### Assigned task
Exact copies of all the entries below are expected in the answer.

--------------------------------------------------

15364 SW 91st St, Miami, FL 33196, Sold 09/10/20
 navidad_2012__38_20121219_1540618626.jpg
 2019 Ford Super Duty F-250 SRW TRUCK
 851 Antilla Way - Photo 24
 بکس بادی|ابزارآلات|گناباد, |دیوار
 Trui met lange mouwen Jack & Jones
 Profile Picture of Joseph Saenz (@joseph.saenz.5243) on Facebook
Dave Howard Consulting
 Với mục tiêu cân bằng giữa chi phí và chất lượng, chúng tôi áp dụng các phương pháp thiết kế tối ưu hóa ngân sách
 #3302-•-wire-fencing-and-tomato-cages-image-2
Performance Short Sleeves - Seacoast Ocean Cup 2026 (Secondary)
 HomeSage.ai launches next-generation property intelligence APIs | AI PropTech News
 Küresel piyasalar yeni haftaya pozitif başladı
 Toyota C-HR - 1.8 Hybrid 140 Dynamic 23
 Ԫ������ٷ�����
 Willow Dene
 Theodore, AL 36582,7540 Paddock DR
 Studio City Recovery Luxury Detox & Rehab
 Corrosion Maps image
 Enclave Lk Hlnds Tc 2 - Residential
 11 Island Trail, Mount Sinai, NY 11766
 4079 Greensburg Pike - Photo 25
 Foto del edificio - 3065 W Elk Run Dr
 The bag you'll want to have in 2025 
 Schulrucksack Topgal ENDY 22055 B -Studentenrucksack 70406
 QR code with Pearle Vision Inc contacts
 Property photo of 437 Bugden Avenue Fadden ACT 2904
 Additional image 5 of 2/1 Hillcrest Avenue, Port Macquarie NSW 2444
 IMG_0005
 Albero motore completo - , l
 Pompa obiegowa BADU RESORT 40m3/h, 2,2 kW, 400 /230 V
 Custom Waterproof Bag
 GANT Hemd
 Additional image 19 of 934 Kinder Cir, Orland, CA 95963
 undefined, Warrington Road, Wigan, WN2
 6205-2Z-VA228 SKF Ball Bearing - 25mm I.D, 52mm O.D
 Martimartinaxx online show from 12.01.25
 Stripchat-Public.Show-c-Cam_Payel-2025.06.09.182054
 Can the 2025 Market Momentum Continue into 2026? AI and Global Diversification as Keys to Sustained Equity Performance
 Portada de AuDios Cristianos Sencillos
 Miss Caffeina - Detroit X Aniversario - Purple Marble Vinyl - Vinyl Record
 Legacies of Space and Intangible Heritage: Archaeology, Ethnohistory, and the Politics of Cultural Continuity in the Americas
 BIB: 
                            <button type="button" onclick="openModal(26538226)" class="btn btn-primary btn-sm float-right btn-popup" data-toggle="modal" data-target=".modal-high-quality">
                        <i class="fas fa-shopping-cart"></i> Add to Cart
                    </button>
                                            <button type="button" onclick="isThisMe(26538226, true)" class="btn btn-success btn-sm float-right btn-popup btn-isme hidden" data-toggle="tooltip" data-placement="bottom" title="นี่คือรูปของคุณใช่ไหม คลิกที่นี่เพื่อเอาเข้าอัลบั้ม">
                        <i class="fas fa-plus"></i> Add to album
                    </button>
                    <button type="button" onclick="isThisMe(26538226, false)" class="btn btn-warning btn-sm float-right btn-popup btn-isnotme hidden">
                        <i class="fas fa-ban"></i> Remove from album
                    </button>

--------------------------------------------------

### Answer space
15364 SW 91st St, Miami, FL 33196, Sold 09/10/20
 navidad_2012__38_20121219_1540618626.jpg
 2019 Ford Super Duty F-250 SRW TRUCK
 851 Antilla Way - Photo 24
 بکس بادی|ابزارآلات|گناباد, |دیوار
 Trui met lange mouwen Jack & Jones
 Profile Picture of Joseph Saenz (@joseph.saenz.5243) on Facebook
Dave Howard Consulting
 Với mục tiêu cân bằng giữa chi phí và chất lượng, chúng tôi áp dụng các phương pháp thiết kế tối ưu hóa ngân sách
 #3302-•-wire-fencing-and-tomato-cages-image-2
Performance Short Sleeves - Seacoast Ocean Cup 2026 (Secondary)
 HomeSage.ai launches next-generation property intelligence APIs | AI PropTech News
 Küresel piyasalar yeni haftaya pozitif başladı
 Toyota C-HR - 1.8 Hybrid 140 Dynamic 23
 Ԫ������ٷ�����
 Willow Dene
 Theodore, AL 36582,7540 Paddock DR
 Studio City Recovery Luxury Detox & Rehab
 Corrosion Maps image
 Enclave Lk Hlnds Tc 2 - Residential
 11 Island Trail, Mount Sinai, NY 11766
 4079 Greensburg Pike - Photo 25
 Foto del edificio - 3065 W Elk Run Dr
 The bag you'll want to have in 2025 
 Schulrucksack Topgal ENDY 22055 B -Studentenrucksack 70406
 QR code with Pearle Vision Inc contacts
 Property photo of 437 Bugden Avenue Fadden ACT 2904
 Additional image 5 of 2/1 Hillcrest Avenue, Port Macquarie NSW 2444
 IMG_0005
 Albero motore completo - , l
 Pompa obiegowa BADU RESORT 40m3/h, 2,2 kW, 400 /230 V
 Custom Waterproof Bag
 GANT Hemd
 Additional image 19 of 934 Kinder Cir, Orland, CA 95963
 undefined, Warrington Road, Wigan, WN2
 6205-2Z-VA228 SKF Ball Bearing - 25mm I.D, 52mm O.D
 Martimartinaxx online show from 12.01.25
 Stripchat-Public.Show-c-Cam_Payel-2025.06.09.182054
 Can the 2025 Market Momentum Continue into 2026? AI and Global Diversification as Keys to Sustained Equity Performance
 Portada de AuDios Cristianos Sencillos
 Miss Caffeina - Detroit X Aniversario - Purple Marble Vinyl - Vinyl Record
 Legacies of Space and Intangible Heritage: Archaeology, Ethnohistory, and the Politics of Cultural Continuity in the Americas
 BIB: 
                            <button type="button" onclick="openModal(26538226)" class="btn btn-primary btn-sm float-right btn-popup" data-toggle="modal" data-target=".modal-high-quality">
                        <i class="fas fa-shopping-cart"></i> Add to Cart
                    </button>
                                            <button type="button" onclick="isThisMe(26538226, true)" class="btn btn-success btn-sm float-right btn-popup btn-isme hidden" data-toggle="tooltip" data-placement="bottom" title="นี่คือรูปของคุณใช่ไหม คลิกที่นี่เพื่อเอาเข้าอัลบั้ม">
                        <i class="fas fa-plus"></i> Add to album
                    </button>
                    <button type="button" onclick="isThisMe(26538226, false)" class="btn btn-warning btn-sm float-right btn-popup btn-isnotme hidden">
                        <i class="fas fa-ban"></i> Remove from album
                    </button>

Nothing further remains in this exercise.